Not content with announcing just one console at E3, the Xbox One S, Microsoft has also revealed details of the long-rumored Project Scorpio.
Project Scorpio is a new, super-powerful Xbox One console, designed from the ground up for 4K HD and VR gaming. The technical specs sound impressive - 6 teraflops of power (about 40% more powerful than Sony’s upcoming PlayStation 4 Neo); eight CPU cores; over 320GB/s of memory bandwidth. It is, as one person in Microsoft’s unveiling video put it, “a monster”.
But Microsoft is keen to stress that Scorpio isn’t a completely new Xbox - it’s simply another (albeit more powerful) version of the Xbox One, a machine that will be fully compatible with all existing Xbox One games, and which won’t receive its own exclusives. Instead, that raw power will instead be put to use to ensure that games will be able to run at 4K HD. In theory there could also be framerate advantages for many games, of course - particularly for titles running on Xbox One at uncapped framerates; but if you’re hoping for a slew of shiny new games taking advantage of the raw potential of Scorpio, it seems - for the moment, at least - that you’re going to be disappointed.

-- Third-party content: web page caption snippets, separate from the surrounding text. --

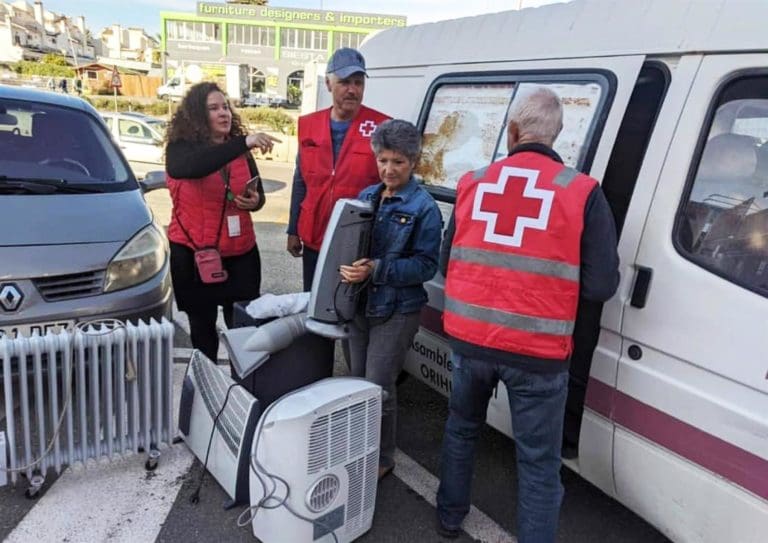 Cruz Roja comienza sus entregas económicas a 20.000 familias afectadas por la Dana por valor de 22 millones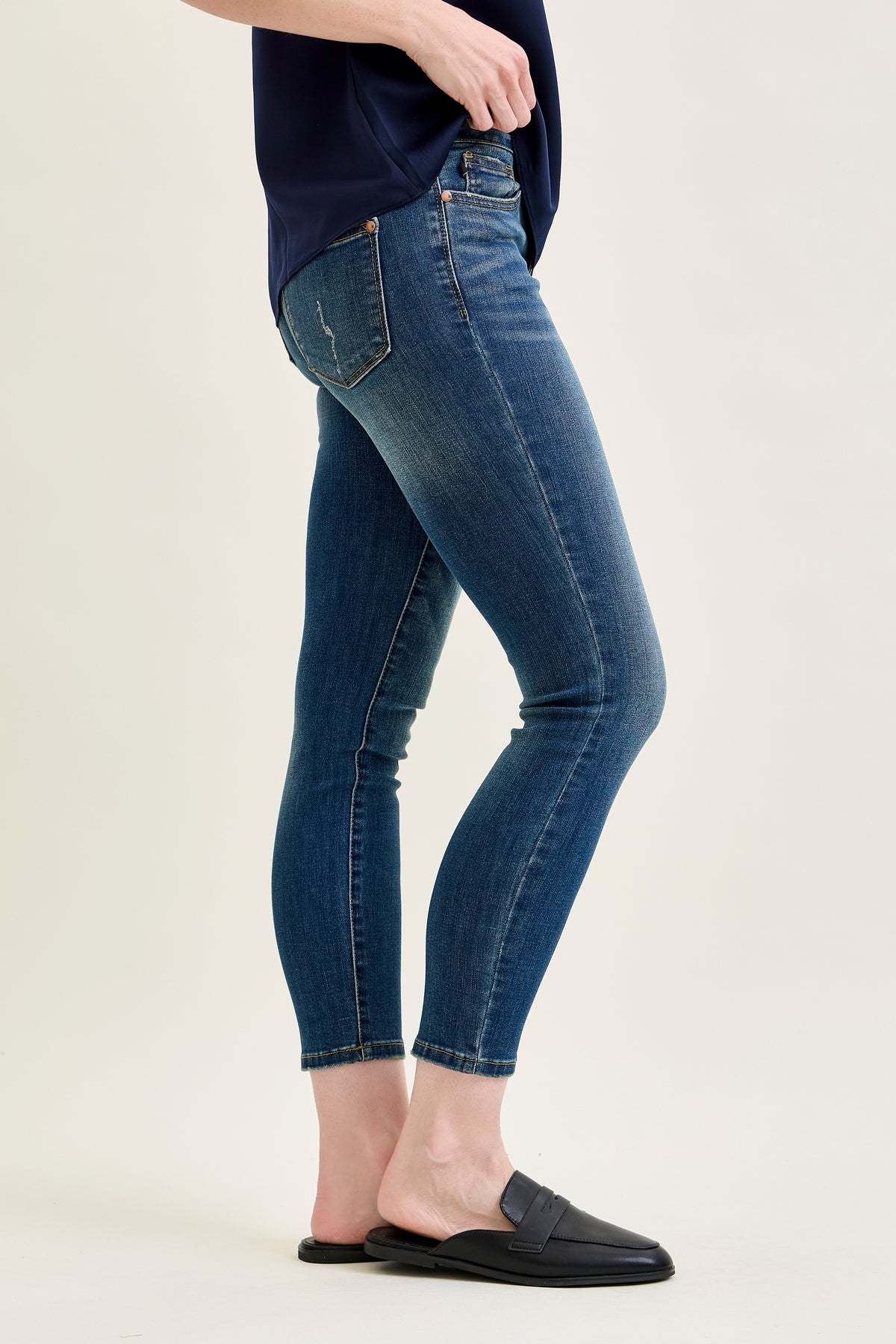 Angie Mid Rise Comfy Chic 27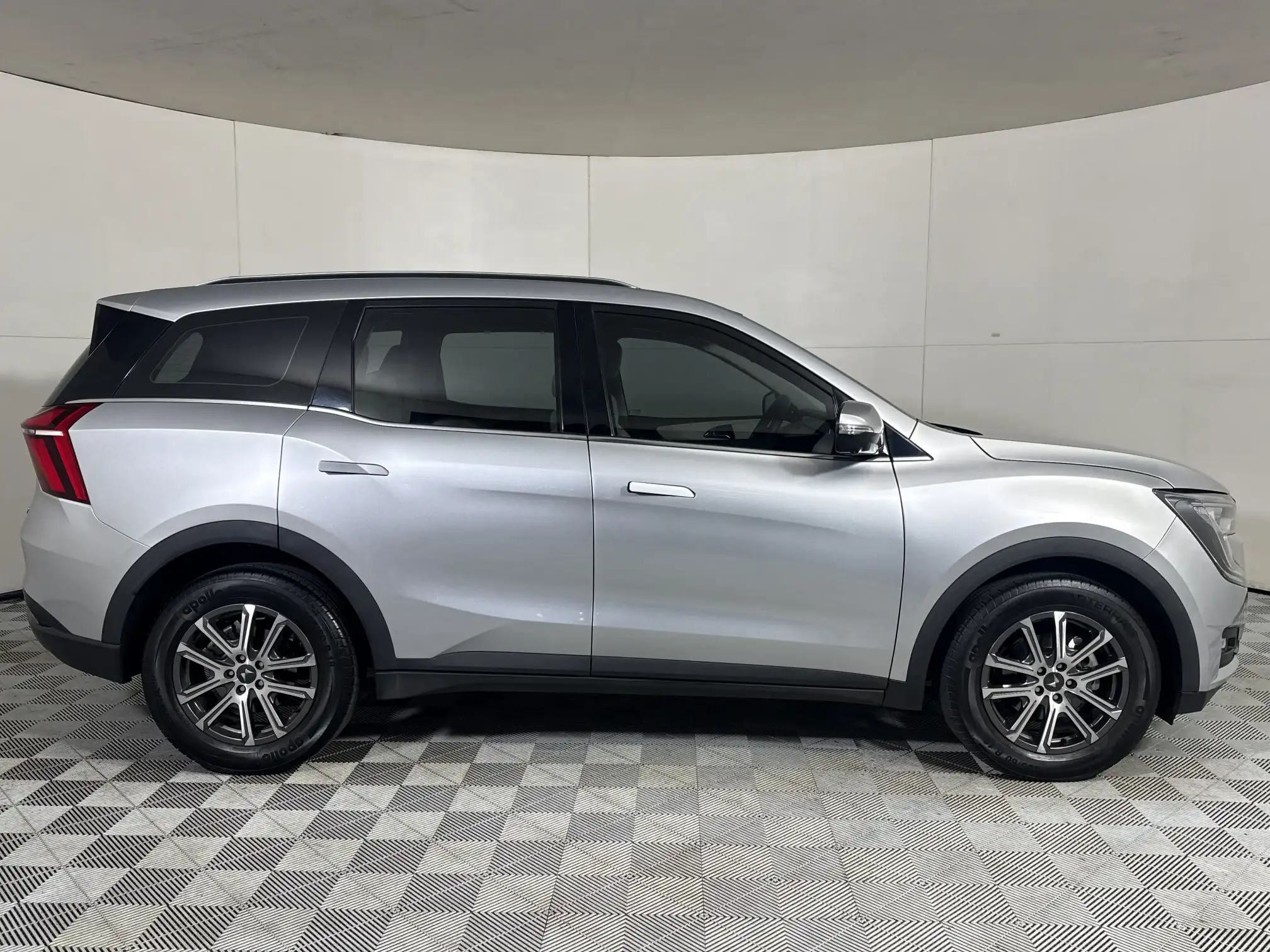 Mahindra XUV 700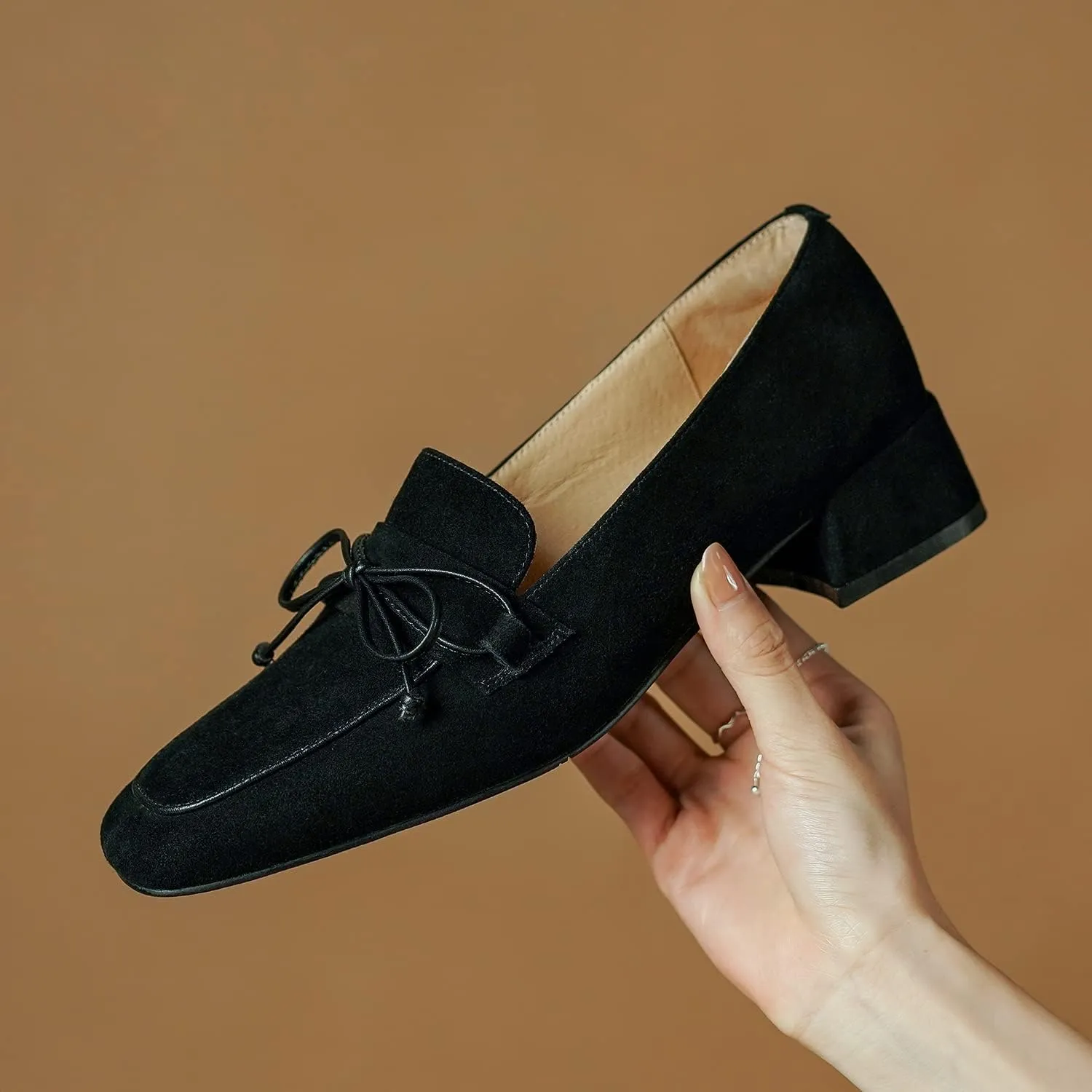 MOOMMO Women Chunky Low Heel Loafers Bow Suede Slip On Closed Square Toe Loafer Shoes Oxfords Comfy 1 Inch Block Heels Dress Shoes Pumps Office Work Pumps Vintage Retro Comfy 4-11 M US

“Gamers have never had more choice in how and where they play,” Head of Xbox, Phil Spencer, said in a press release issued following the reveal. “We are bringing our biggest games lineup ever to Xbox One and Windows 10, uniting gamers across networks on Xbox Live and expanding the Xbox One family of devices with the addition of Xbox One S and Project Scorpio to give gamers more choice in how and where they play. There’s never been a better time to be an Xbox gamer.”
No price point has been set, but Project Scorpio (almost certainly not the console’s final name) is due to launch at the end of 2017.